Fixed assets are stated at their original cost of acquisition/installation adjusted by revaluation of certain fixed assets, net of accumulated depreciation, amortization and impairment losses, except freehold land which is carried at cost.

6. Expenditure During Construction Period

Expenditure during construction period are included under capital work in progress and the same is allocated to the respective fixed assets on the completion of the construction/erection/installation period.

7. Impairment Of Assets

The Management periodically assesses using external and internal sources whether there is any indication that an asset may be impaired. Impairment of an asset occurs where the carrying value exceeds the present value of cash flow expected to arise from the continuing use of the asset and its eventual disposal. The provision for impairment loss is made when recoverable amount of the asset is lower than the carrying amount.

8. Depreciation

(i) Tangible Assets

Depreciation is provided on the straight line method at the rates and in the manner specified in Schedule XIV to the Companies Act, 1956. Continuous process plants as defined therein have been taken on technical assessment and depreciation is provided accordingly. Depreciation on increase in value of fixed assets due to revaluation of fixed assets is computed on the basis of remaining useful life as estimated by the valuer on straight line method. Depreciation of Fixed Assets on which ownership belongs to KSTPS, Kota is amortised over the period of agreement.

(ii) Intangible Assets

(a) Mining right is amortized over the period of lease.
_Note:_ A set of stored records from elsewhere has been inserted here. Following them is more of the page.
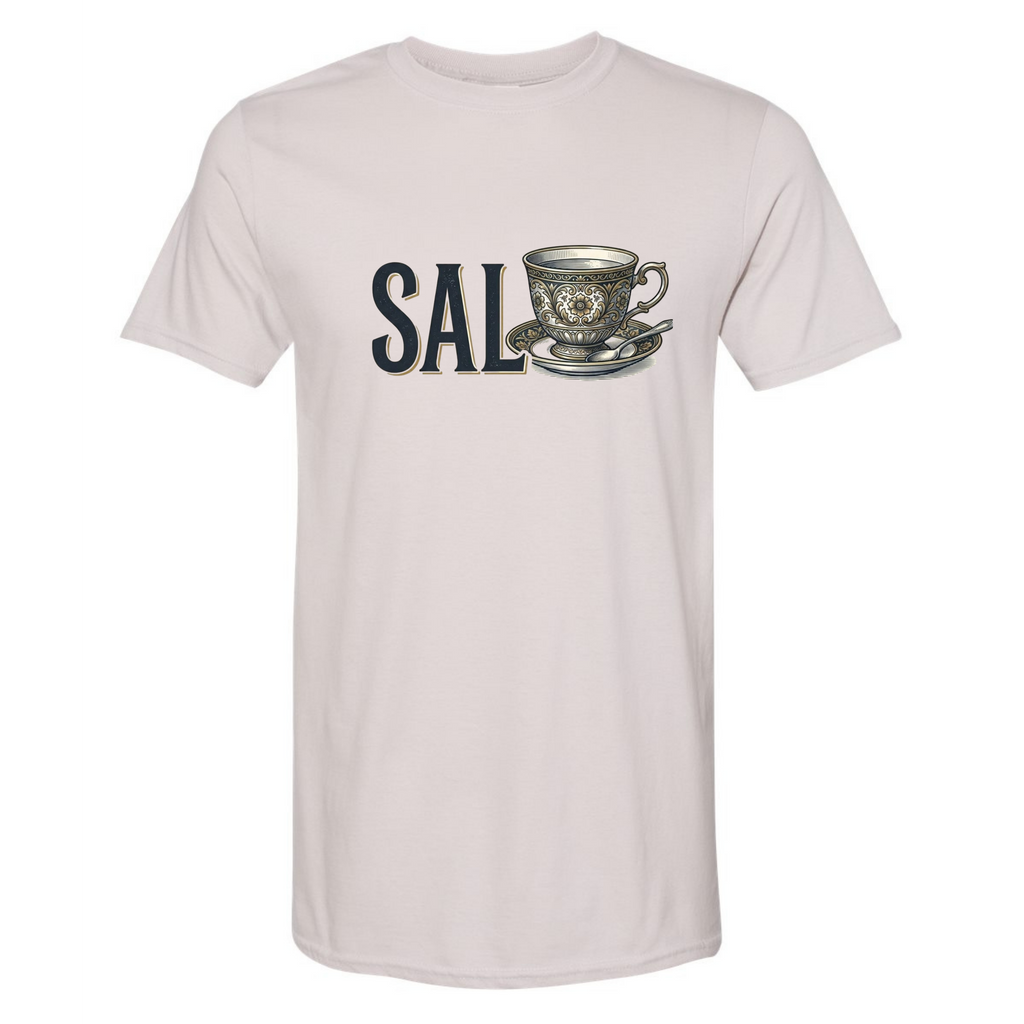 Sal-Tea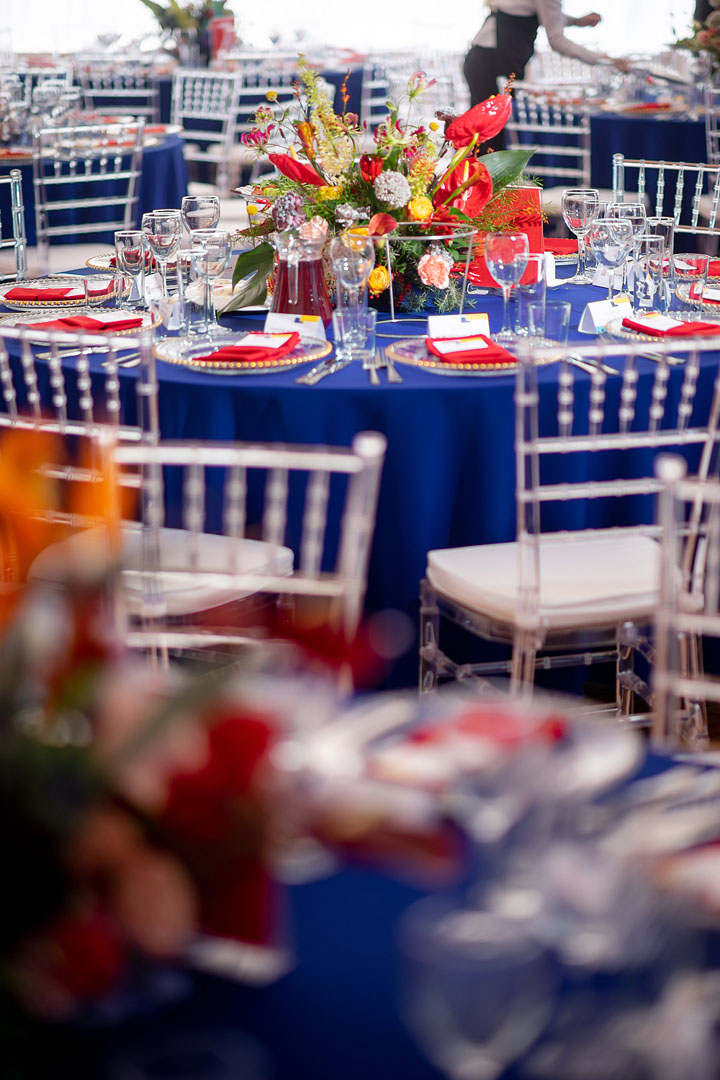 10decoracia@bekarev005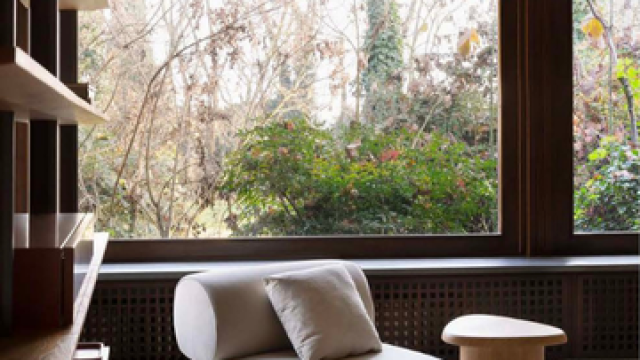 مجموعة اثاث كلاسيكيه فخمه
(b) Computer software is amortised over a period of 5 years.

9. Employee Benefit

(i) Defined contribution plan:

Employee benefits in the form of superannuation fund, state governed provident fund scheme are defined contribution plan. The contribution under the scheme is recognised during the period in which the employee renders the related services.
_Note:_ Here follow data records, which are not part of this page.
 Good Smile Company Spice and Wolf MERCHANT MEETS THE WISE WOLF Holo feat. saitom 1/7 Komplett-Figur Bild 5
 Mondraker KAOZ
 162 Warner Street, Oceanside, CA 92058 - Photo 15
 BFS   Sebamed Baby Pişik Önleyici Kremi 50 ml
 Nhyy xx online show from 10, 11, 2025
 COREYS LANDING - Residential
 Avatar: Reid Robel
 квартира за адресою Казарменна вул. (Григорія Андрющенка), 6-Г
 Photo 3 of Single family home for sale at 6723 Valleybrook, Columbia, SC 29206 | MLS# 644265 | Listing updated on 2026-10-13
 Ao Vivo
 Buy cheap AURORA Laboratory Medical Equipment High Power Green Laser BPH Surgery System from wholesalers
(ii) Defined Benefit Plan:

The employees gratuity fund and leave encashment schemes are the companys defined benefit plan. The present value of the obligation under such defined benefit plan is determined based on actuarial valuation using the Projected Unit Credit Method.

10. Exchange Fluctuation

Foreign Currency transactions are recoded at the rate of exchange prevailing on the date of transactions. Foreign Currency Loans/Liabilities are restated at the rates prevailing at the year end. Exchange differences are adjusted in the Profit & Loss Account.

11. Government Grants

Government grants are accounted for where there is reasonably certainty that the ultimate collection will be made. Government grants of the nature of Project Subsidy are credited to Capital Reserve. Other Revenue grants are credited to Profit & Loss Account or deducted from related expenses.

12 Bonnwmg Costs

Interest and other costs in connection with the borrowing of the funds to the extent related/attributed to the acquisition/ construction of qualifying fixed assets are capitalised up to the date when such assets are ready for its intended use and other borrowing costs are charged to Profit & Loss Account.
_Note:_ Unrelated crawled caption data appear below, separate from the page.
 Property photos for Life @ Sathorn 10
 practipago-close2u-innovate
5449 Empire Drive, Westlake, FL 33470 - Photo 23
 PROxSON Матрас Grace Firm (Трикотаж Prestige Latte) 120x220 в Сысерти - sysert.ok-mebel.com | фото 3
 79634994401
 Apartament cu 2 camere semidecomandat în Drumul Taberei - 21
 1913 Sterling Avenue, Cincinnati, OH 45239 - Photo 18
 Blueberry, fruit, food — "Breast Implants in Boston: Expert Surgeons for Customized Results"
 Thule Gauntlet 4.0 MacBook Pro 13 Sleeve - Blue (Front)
13 Provisions And Contingent liabilities Assets

Provision in respect of present obligations arising out of past events are made in the accounts when reliable estimate can be made of the amount of the obligations. Contingent liabilities, if material, are disclosed by way of notes to accounts. Contingent assets are not recognised or disclosed in the financial statements.

14 Taxation

Provision for current tax is made after taking into consideration benefits admissible under the provision of the Income Tax Act, 1961. Deferred tax resulting from "timing differences" between book and taxable profit for the year is accounted for using the tax rates and laws that have been enacted or substantially enacted as on the balance sheet date. The deferred tax assets is recognised as income and carried forward only to the extent there is a virtual certainty that the assets will be adjusted in future. Pursuant to the approval of the shareholders and Honble Rajasthan High Courts order dated 30th November, 2007 deferred tax liabilities from the year 2007-08 and onwards are met from Securities Premium Account as disclosed in note no. 4.